WHAT YOU NEED TO DO
Repeat every record exactly, omitting the pictures.

DATA UNDER STUDY

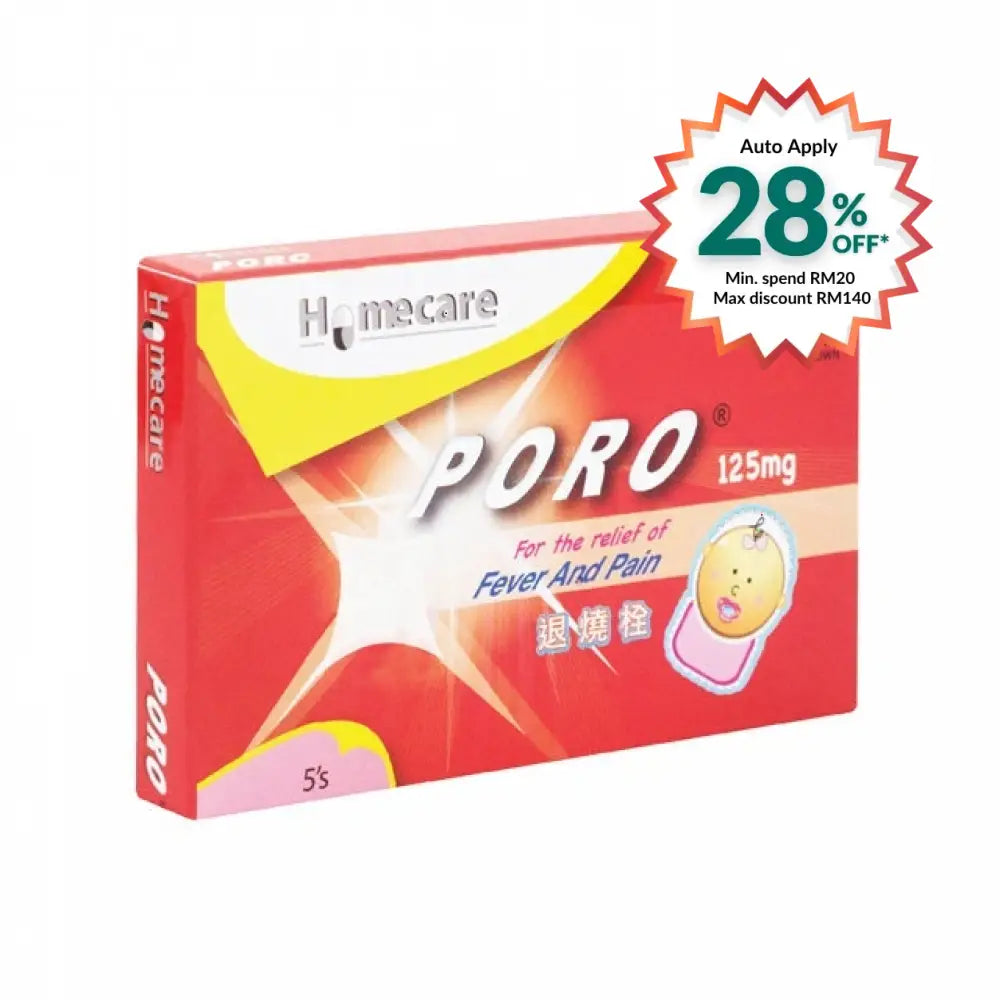 YSP PORO SUPP 125MG 5S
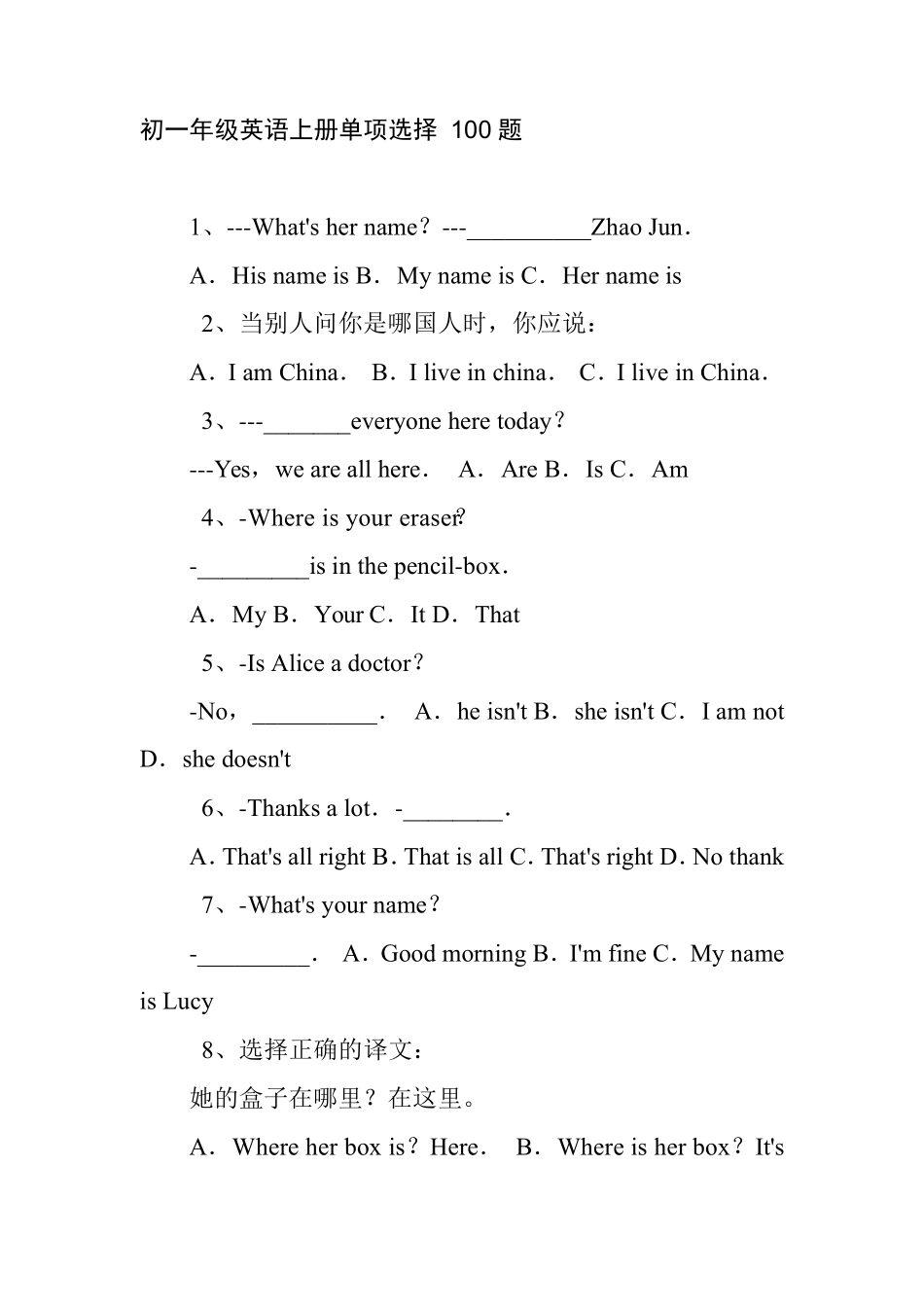 初一年级英语单项选择100题_第1页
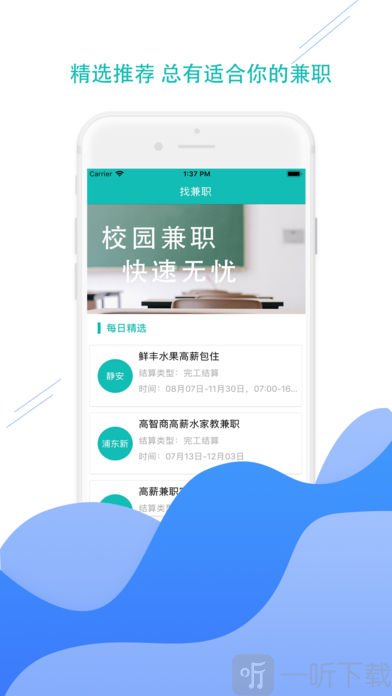 兼职无忧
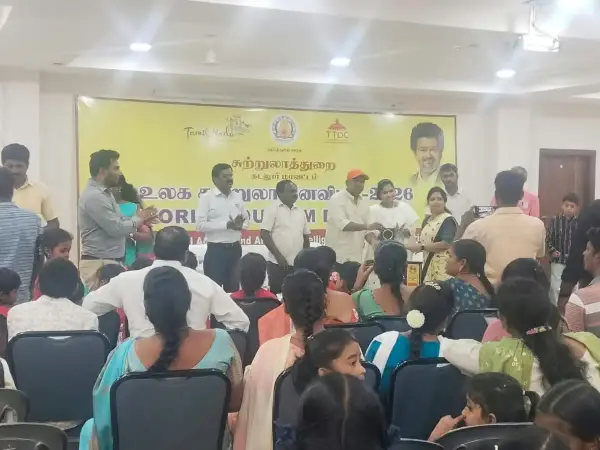 Tamil Nadu Tourism Rally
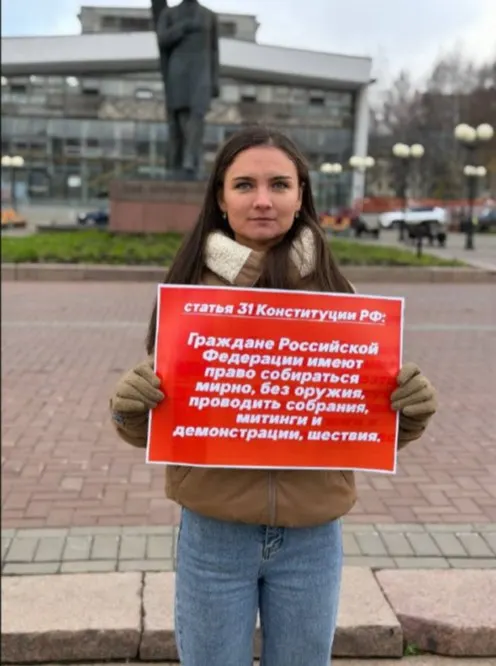 Госсовет уточнил правила публичных акций: уведомление уполномоченного органа о предстоящей акции теперь должно происходить за 3–5 дней. Обсуждается законопроект и реакции депутатов на него.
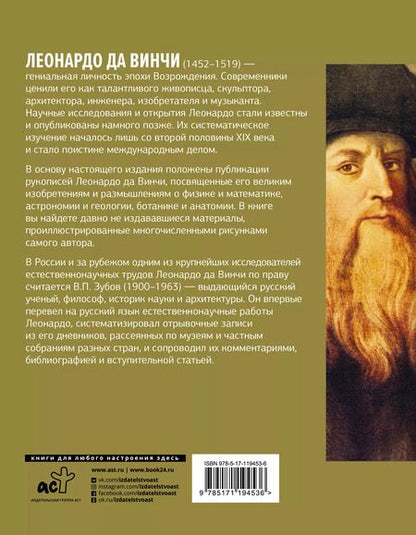 Фотография книги "Леонардо да: Научное наследие"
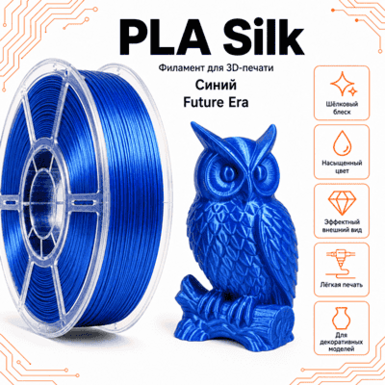 Синий / PLA+Silk / Future Era Blue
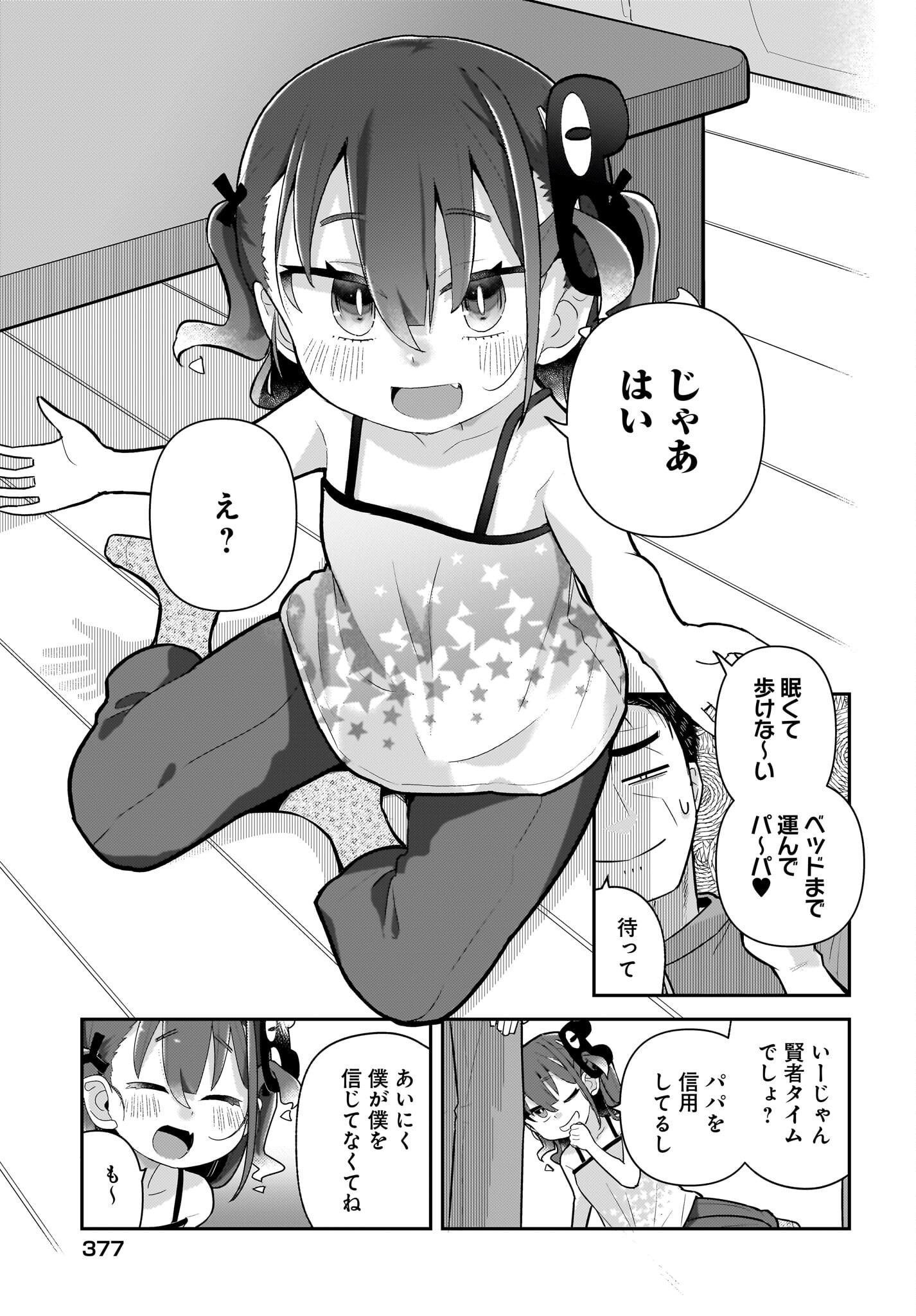 Josei Gaki to Oji-san - Chapter 19 - Page 13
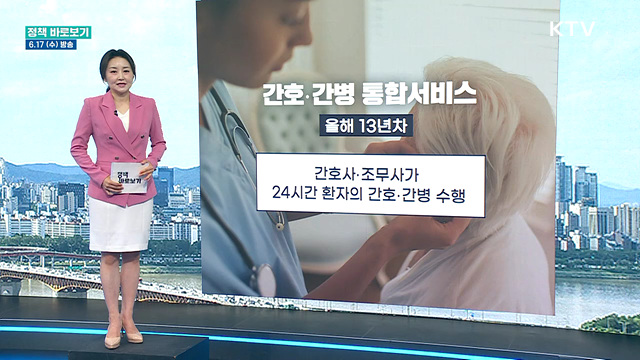 복지부 "간호·간병통합서비스 서비스 질 제고 위해 제도 개선 추진"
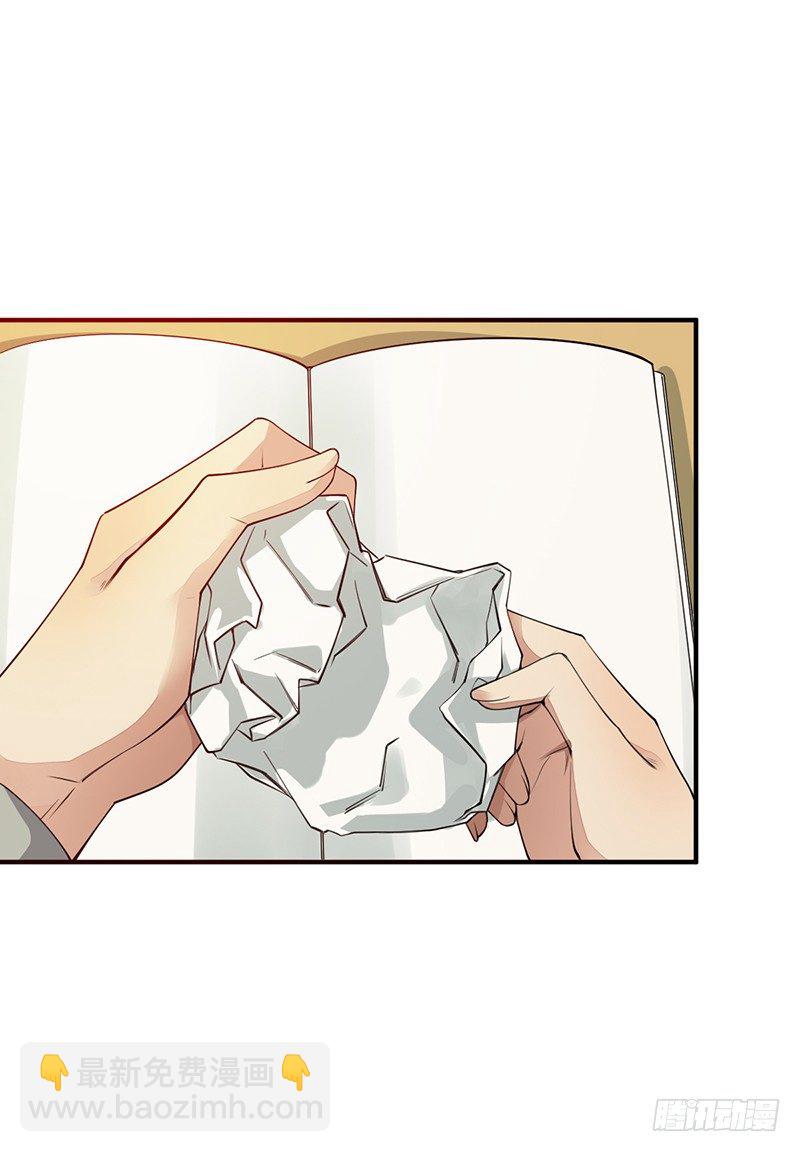 第21话：回忆10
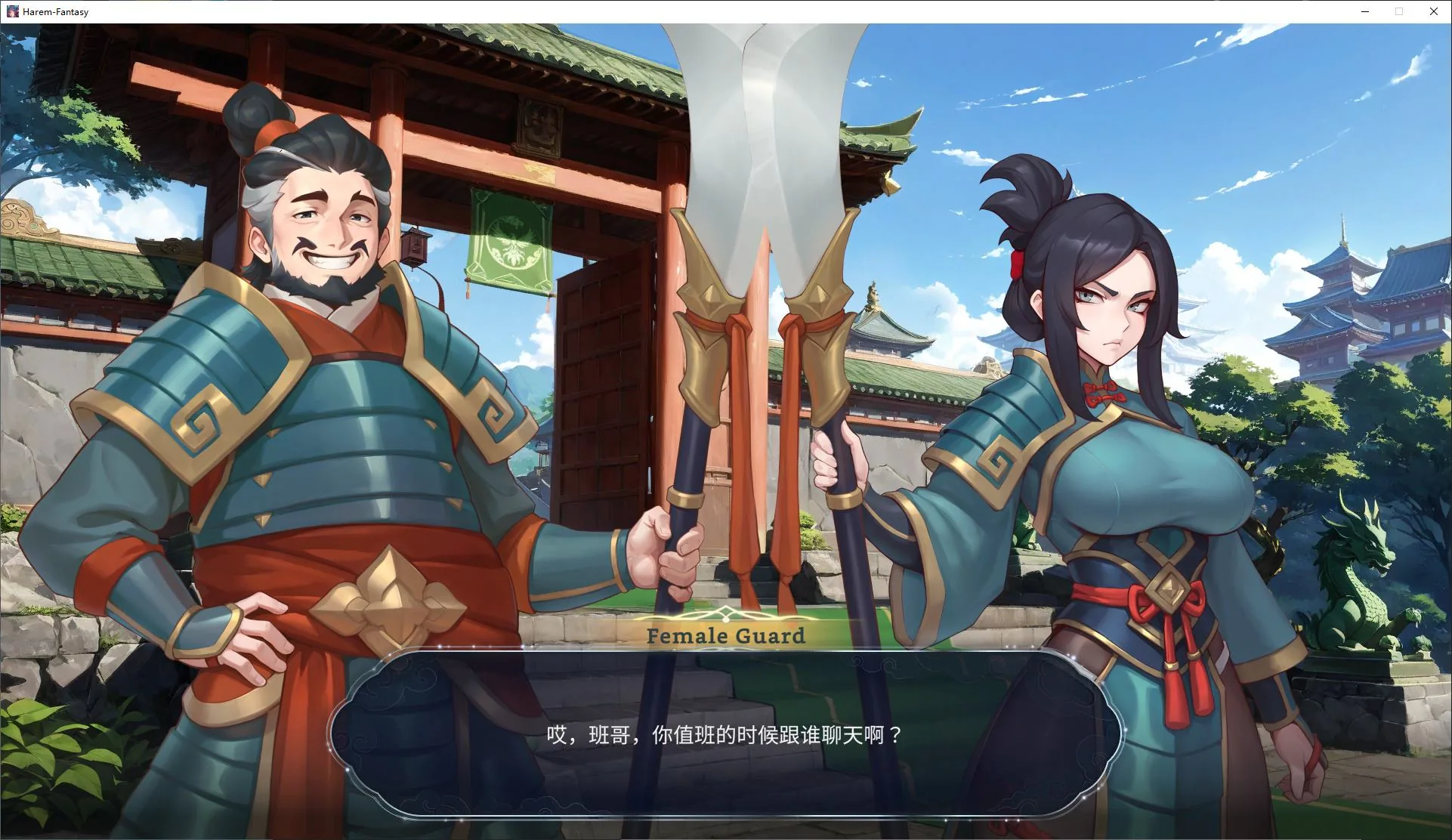 后宫绮梦 游戏截图 2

WRITTEN RESPONSE
 YSP PORO SUPP 125MG 5S
 初一年级英语单项选择100题_第1页
 兼职无忧
 Tamil Nadu Tourism Rally
 Госсовет уточнил правила публичных акций: уведомление уполномоченного органа о предстоящей акции теперь должно происходить за 3–5 дней. Обсуждается законопроект и реакции депутатов на него.
 Фотография книги "Леонардо да: Научное наследие"
 Синий / PLA+Silk / Future Era Blue
 Josei Gaki to Oji-san - Chapter 19 - Page 13
 복지부 "간호·간병통합서비스 서비스 질 제고 위해 제도 개선 추진"
 第21话：回忆10
 后宫绮梦 游戏截图 2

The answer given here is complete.